In the distant 1978, the world witnessed an extraordinary event – the birth of the first spam email. If you already knew that, I’m impressed. If you didn’t and you’re quite shocked, I’m with you. Although it wasn’t referred to as spam at first, the email was sent by Gary Thuerk, a marketer for the Digital Equipment Corporation, to several hundred users presenting information about open houses where people could check out or purchase the computers. And now, forty years later, our inboxes are heavily bombarded with spam emails promising great holiday offers, informing you that you’ve won the lottery or simply asking you to “click here”.  However, far from being a rather innocent, email marketing tool, spam emails have transitioned into a dangerous attack vector for cyber criminals, aiming to hijack your device and extort money, information or sensitive data.

The Evolution of Spam Emails

Spam hardly needs an introduction. It encompasses everything from ads for products or services, money scams, malware, phishing and so on. Nowadays, everyone who owns a smartphone or computer has experienced the frustration of receiving one of these random, sleazy and quite often weird emails. However, even though spam emails have been around for so long, they still seem to work. Spammer techniques have evolved to avoid new spam filters and thus, those messages still reach hundreds of thousands of people worldwide, many of whom fall for the them.

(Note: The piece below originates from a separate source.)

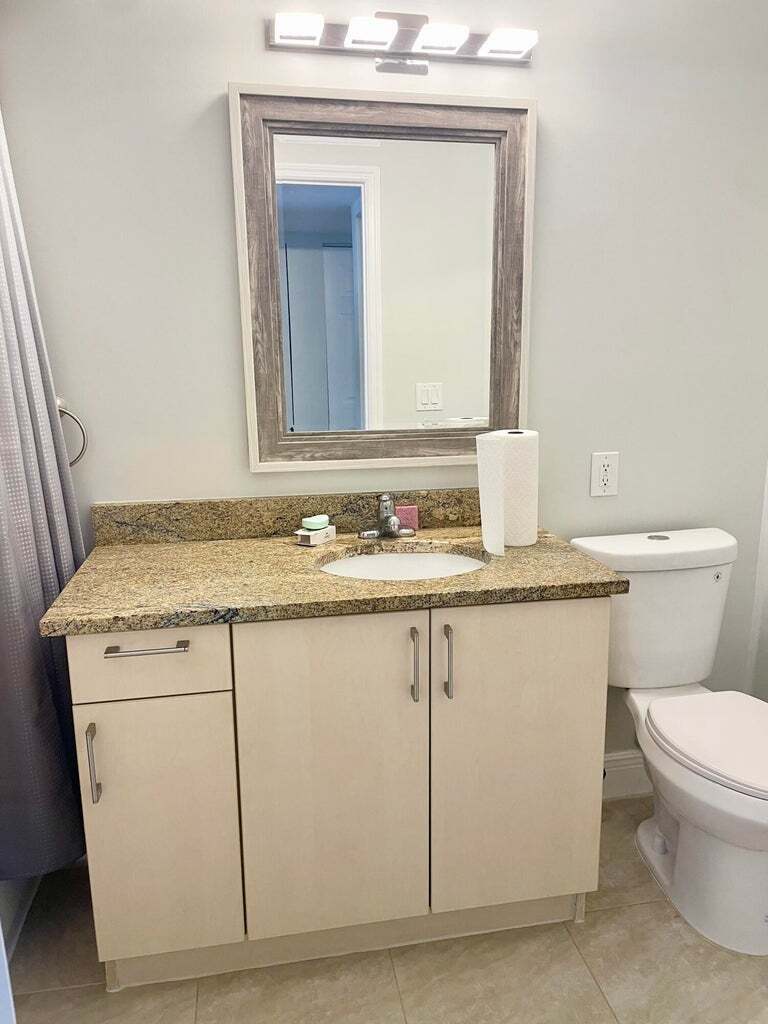 Building Photo - 815 W Boynton Beach Blvd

With the growth of the Internet and online platforms, spam has evolved from email messages to mobile texts and social media spam. Indeed, back in the day, email addresses were easy to harvest from website subscriptions and people were more willing to give them away. Eventually people got sick of irrelevant messages. And as email filters became more and more sophisticated, spammers had to find new targets and creative ways to get their messages across. Moving on to texts messages, spammers plagued mobile phones with unwanted ads or texts – the last one I got was about collecting my tax refund. What’s yours?

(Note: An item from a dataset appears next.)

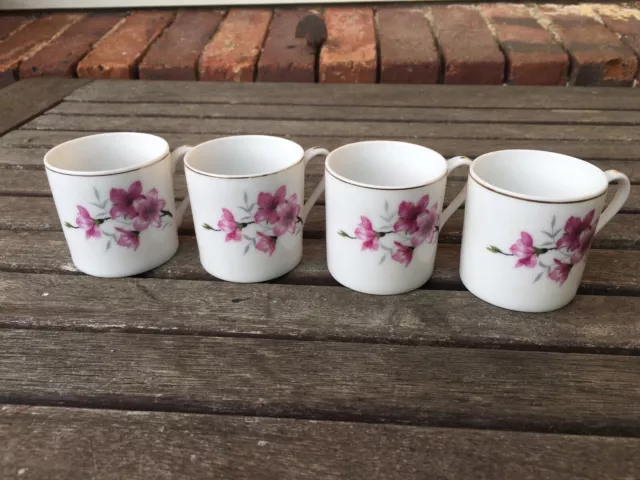 4 petites tasses à café porcelaine décor fleurs made in china coffee cup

Nowadays, it harder than ever to obtain someone’s email or mobile number (unless they willingly give it, of course), so the prime targets for spam are social media accounts. Many of us have been followed by a fake account – a fake online identity used for purposes of deception – which send us texts and automatically comments on our posts (e.g. “Nice photo. Please check out X by following this link [link] or Please check you DM when you can).

How to Handle Suspicious Messages

Spam is cheap to send and it still works, so cyber criminals will continue to use it. Therefore, it’s important to understand how to recognize a suspicious email/message and approach it with caution. Here are some of our tips:

  • DON’T CLICK ON ANY LINKS (unless you’re 100% sure they are legit)
  • Use caution when opening any email attachments (attachments are often used as part of phishing scams).
  • Avoid downloading any programs/software on your computer
  • If the email is from someone you know (e.g. colleague or friend), but it still looks suspicious, make sure you double-check they actually sent it (by giving them a call).
  • Make sure you turn on the privacy mode on your social media accounts, so you can control who’s following you. This can help to shield you from fake accounts and their dodgy messages.